▶ [MATERIAL SHOWN]:
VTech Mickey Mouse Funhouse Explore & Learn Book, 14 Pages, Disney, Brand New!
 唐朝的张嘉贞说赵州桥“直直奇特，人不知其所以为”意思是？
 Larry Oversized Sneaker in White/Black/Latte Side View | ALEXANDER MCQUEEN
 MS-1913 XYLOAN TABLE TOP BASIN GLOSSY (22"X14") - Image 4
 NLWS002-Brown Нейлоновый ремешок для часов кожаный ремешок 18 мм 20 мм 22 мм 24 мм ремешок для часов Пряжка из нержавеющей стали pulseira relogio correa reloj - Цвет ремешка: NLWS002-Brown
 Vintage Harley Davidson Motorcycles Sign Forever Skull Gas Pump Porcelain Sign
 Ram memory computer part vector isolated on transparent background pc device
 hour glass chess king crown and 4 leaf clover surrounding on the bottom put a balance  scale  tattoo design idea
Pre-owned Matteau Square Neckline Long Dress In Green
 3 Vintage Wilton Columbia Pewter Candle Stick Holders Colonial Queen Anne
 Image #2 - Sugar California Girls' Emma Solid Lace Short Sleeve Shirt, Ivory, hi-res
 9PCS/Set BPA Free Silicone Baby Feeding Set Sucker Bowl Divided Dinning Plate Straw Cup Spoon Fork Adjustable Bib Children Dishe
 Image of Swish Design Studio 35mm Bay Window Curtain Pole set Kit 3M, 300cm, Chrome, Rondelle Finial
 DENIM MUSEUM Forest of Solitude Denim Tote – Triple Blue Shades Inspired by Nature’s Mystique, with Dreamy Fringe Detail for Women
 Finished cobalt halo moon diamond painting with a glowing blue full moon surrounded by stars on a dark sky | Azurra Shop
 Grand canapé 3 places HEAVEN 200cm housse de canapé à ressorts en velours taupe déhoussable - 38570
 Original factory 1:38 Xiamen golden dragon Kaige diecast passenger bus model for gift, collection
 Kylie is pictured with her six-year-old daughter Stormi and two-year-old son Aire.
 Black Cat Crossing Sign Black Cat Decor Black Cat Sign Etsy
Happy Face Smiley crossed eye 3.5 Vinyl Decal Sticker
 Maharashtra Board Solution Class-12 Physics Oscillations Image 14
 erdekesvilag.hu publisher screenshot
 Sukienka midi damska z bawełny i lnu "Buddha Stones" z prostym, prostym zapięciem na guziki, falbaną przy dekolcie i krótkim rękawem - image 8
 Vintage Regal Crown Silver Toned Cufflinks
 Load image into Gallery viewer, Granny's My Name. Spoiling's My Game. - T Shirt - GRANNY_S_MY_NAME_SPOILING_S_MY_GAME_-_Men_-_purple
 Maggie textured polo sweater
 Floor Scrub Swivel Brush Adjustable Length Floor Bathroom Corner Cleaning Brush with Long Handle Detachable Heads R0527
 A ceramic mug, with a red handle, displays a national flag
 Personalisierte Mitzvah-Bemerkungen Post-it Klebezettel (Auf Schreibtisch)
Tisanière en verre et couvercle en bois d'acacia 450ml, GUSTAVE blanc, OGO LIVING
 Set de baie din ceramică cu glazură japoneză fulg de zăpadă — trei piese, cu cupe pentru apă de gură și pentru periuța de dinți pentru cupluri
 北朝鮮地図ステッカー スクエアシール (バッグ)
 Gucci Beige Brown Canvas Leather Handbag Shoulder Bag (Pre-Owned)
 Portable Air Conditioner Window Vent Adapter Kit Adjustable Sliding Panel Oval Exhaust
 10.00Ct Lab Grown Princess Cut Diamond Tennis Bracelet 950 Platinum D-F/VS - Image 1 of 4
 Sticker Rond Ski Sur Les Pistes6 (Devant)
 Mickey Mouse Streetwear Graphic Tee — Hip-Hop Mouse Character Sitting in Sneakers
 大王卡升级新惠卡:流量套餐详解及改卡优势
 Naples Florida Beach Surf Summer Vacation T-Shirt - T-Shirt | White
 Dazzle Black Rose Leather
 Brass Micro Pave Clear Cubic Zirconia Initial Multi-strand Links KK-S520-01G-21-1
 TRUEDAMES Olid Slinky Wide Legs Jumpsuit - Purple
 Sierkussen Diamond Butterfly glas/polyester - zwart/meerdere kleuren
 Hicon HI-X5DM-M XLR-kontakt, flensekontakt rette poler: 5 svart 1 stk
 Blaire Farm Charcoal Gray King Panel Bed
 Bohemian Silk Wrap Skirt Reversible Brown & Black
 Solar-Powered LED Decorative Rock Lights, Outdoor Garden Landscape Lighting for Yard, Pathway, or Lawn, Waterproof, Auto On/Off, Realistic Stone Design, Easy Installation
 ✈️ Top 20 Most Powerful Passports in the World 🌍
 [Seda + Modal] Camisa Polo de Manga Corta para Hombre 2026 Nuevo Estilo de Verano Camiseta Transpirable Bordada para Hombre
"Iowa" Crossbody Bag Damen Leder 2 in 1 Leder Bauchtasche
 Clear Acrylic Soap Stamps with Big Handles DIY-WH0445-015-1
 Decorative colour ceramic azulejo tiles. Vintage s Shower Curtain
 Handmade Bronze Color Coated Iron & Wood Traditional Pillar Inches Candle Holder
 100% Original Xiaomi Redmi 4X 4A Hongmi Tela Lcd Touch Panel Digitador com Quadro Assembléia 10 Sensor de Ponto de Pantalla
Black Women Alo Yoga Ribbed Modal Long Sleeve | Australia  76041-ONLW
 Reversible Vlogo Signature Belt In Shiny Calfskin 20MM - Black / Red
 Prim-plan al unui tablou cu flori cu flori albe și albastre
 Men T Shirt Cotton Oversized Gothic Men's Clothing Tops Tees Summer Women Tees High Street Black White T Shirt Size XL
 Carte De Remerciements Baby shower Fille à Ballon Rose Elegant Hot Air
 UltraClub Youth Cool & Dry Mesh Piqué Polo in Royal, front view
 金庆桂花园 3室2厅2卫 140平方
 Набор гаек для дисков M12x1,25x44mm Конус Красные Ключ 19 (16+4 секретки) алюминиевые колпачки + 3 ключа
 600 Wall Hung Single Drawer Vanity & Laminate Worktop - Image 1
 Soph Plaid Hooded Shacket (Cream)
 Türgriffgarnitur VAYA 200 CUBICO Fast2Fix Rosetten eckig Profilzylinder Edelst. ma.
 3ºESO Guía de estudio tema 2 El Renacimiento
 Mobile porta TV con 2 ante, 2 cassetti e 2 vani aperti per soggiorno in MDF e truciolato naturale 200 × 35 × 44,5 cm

▶ [PROBLEM STATEMENT]: The reply should contain all of the entries exactly as shown above.

▶ [SOLUTION TO THIS PROBLEM]:
VTech Mickey Mouse Funhouse Explore & Learn Book, 14 Pages, Disney, Brand New!
 唐朝的张嘉贞说赵州桥“直直奇特，人不知其所以为”意思是？
 Larry Oversized Sneaker in White/Black/Latte Side View | ALEXANDER MCQUEEN
 MS-1913 XYLOAN TABLE TOP BASIN GLOSSY (22"X14") - Image 4
 NLWS002-Brown Нейлоновый ремешок для часов кожаный ремешок 18 мм 20 мм 22 мм 24 мм ремешок для часов Пряжка из нержавеющей стали pulseira relogio correa reloj - Цвет ремешка: NLWS002-Brown
 Vintage Harley Davidson Motorcycles Sign Forever Skull Gas Pump Porcelain Sign
 Ram memory computer part vector isolated on transparent background pc device
 hour glass chess king crown and 4 leaf clover surrounding on the bottom put a balance  scale  tattoo design idea
Pre-owned Matteau Square Neckline Long Dress In Green
 3 Vintage Wilton Columbia Pewter Candle Stick Holders Colonial Queen Anne
 Image #2 - Sugar California Girls' Emma Solid Lace Short Sleeve Shirt, Ivory, hi-res
 9PCS/Set BPA Free Silicone Baby Feeding Set Sucker Bowl Divided Dinning Plate Straw Cup Spoon Fork Adjustable Bib Children Dishe
 Image of Swish Design Studio 35mm Bay Window Curtain Pole set Kit 3M, 300cm, Chrome, Rondelle Finial
 DENIM MUSEUM Forest of Solitude Denim Tote – Triple Blue Shades Inspired by Nature’s Mystique, with Dreamy Fringe Detail for Women
 Finished cobalt halo moon diamond painting with a glowing blue full moon surrounded by stars on a dark sky | Azurra Shop
 Grand canapé 3 places HEAVEN 200cm housse de canapé à ressorts en velours taupe déhoussable - 38570
 Original factory 1:38 Xiamen golden dragon Kaige diecast passenger bus model for gift, collection
 Kylie is pictured with her six-year-old daughter Stormi and two-year-old son Aire.
 Black Cat Crossing Sign Black Cat Decor Black Cat Sign Etsy
Happy Face Smiley crossed eye 3.5 Vinyl Decal Sticker
 Maharashtra Board Solution Class-12 Physics Oscillations Image 14
 erdekesvilag.hu publisher screenshot
 Sukienka midi damska z bawełny i lnu "Buddha Stones" z prostym, prostym zapięciem na guziki, falbaną przy dekolcie i krótkim rękawem - image 8
 Vintage Regal Crown Silver Toned Cufflinks
 Load image into Gallery viewer, Granny's My Name. Spoiling's My Game. - T Shirt - GRANNY_S_MY_NAME_SPOILING_S_MY_GAME_-_Men_-_purple
 Maggie textured polo sweater
 Floor Scrub Swivel Brush Adjustable Length Floor Bathroom Corner Cleaning Brush with Long Handle Detachable Heads R0527
 A ceramic mug, with a red handle, displays a national flag
 Personalisierte Mitzvah-Bemerkungen Post-it Klebezettel (Auf Schreibtisch)
Tisanière en verre et couvercle en bois d'acacia 450ml, GUSTAVE blanc, OGO LIVING
 Set de baie din ceramică cu glazură japoneză fulg de zăpadă — trei piese, cu cupe pentru apă de gură și pentru periuța de dinți pentru cupluri
 北朝鮮地図ステッカー スクエアシール (バッグ)
 Gucci Beige Brown Canvas Leather Handbag Shoulder Bag (Pre-Owned)
 Portable Air Conditioner Window Vent Adapter Kit Adjustable Sliding Panel Oval Exhaust
 10.00Ct Lab Grown Princess Cut Diamond Tennis Bracelet 950 Platinum D-F/VS - Image 1 of 4
 Sticker Rond Ski Sur Les Pistes6 (Devant)
 Mickey Mouse Streetwear Graphic Tee — Hip-Hop Mouse Character Sitting in Sneakers
 大王卡升级新惠卡:流量套餐详解及改卡优势
 Naples Florida Beach Surf Summer Vacation T-Shirt - T-Shirt | White
 Dazzle Black Rose Leather
 Brass Micro Pave Clear Cubic Zirconia Initial Multi-strand Links KK-S520-01G-21-1
 TRUEDAMES Olid Slinky Wide Legs Jumpsuit - Purple
 Sierkussen Diamond Butterfly glas/polyester - zwart/meerdere kleuren
 Hicon HI-X5DM-M XLR-kontakt, flensekontakt rette poler: 5 svart 1 stk
 Blaire Farm Charcoal Gray King Panel Bed
 Bohemian Silk Wrap Skirt Reversible Brown & Black
 Solar-Powered LED Decorative Rock Lights, Outdoor Garden Landscape Lighting for Yard, Pathway, or Lawn, Waterproof, Auto On/Off, Realistic Stone Design, Easy Installation
 ✈️ Top 20 Most Powerful Passports in the World 🌍
 [Seda + Modal] Camisa Polo de Manga Corta para Hombre 2026 Nuevo Estilo de Verano Camiseta Transpirable Bordada para Hombre
"Iowa" Crossbody Bag Damen Leder 2 in 1 Leder Bauchtasche
 Clear Acrylic Soap Stamps with Big Handles DIY-WH0445-015-1
 Decorative colour ceramic azulejo tiles. Vintage s Shower Curtain
 Handmade Bronze Color Coated Iron & Wood Traditional Pillar Inches Candle Holder
 100% Original Xiaomi Redmi 4X 4A Hongmi Tela Lcd Touch Panel Digitador com Quadro Assembléia 10 Sensor de Ponto de Pantalla
Black Women Alo Yoga Ribbed Modal Long Sleeve | Australia  76041-ONLW
 Reversible Vlogo Signature Belt In Shiny Calfskin 20MM - Black / Red
 Prim-plan al unui tablou cu flori cu flori albe și albastre
 Men T Shirt Cotton Oversized Gothic Men's Clothing Tops Tees Summer Women Tees High Street Black White T Shirt Size XL
 Carte De Remerciements Baby shower Fille à Ballon Rose Elegant Hot Air
 UltraClub Youth Cool & Dry Mesh Piqué Polo in Royal, front view
 金庆桂花园 3室2厅2卫 140平方
 Набор гаек для дисков M12x1,25x44mm Конус Красные Ключ 19 (16+4 секретки) алюминиевые колпачки + 3 ключа
 600 Wall Hung Single Drawer Vanity & Laminate Worktop - Image 1
 Soph Plaid Hooded Shacket (Cream)
 Türgriffgarnitur VAYA 200 CUBICO Fast2Fix Rosetten eckig Profilzylinder Edelst. ma.
 3ºESO Guía de estudio tema 2 El Renacimiento
 Mobile porta TV con 2 ante, 2 cassetti e 2 vani aperti per soggiorno in MDF e truciolato naturale 200 × 35 × 44,5 cm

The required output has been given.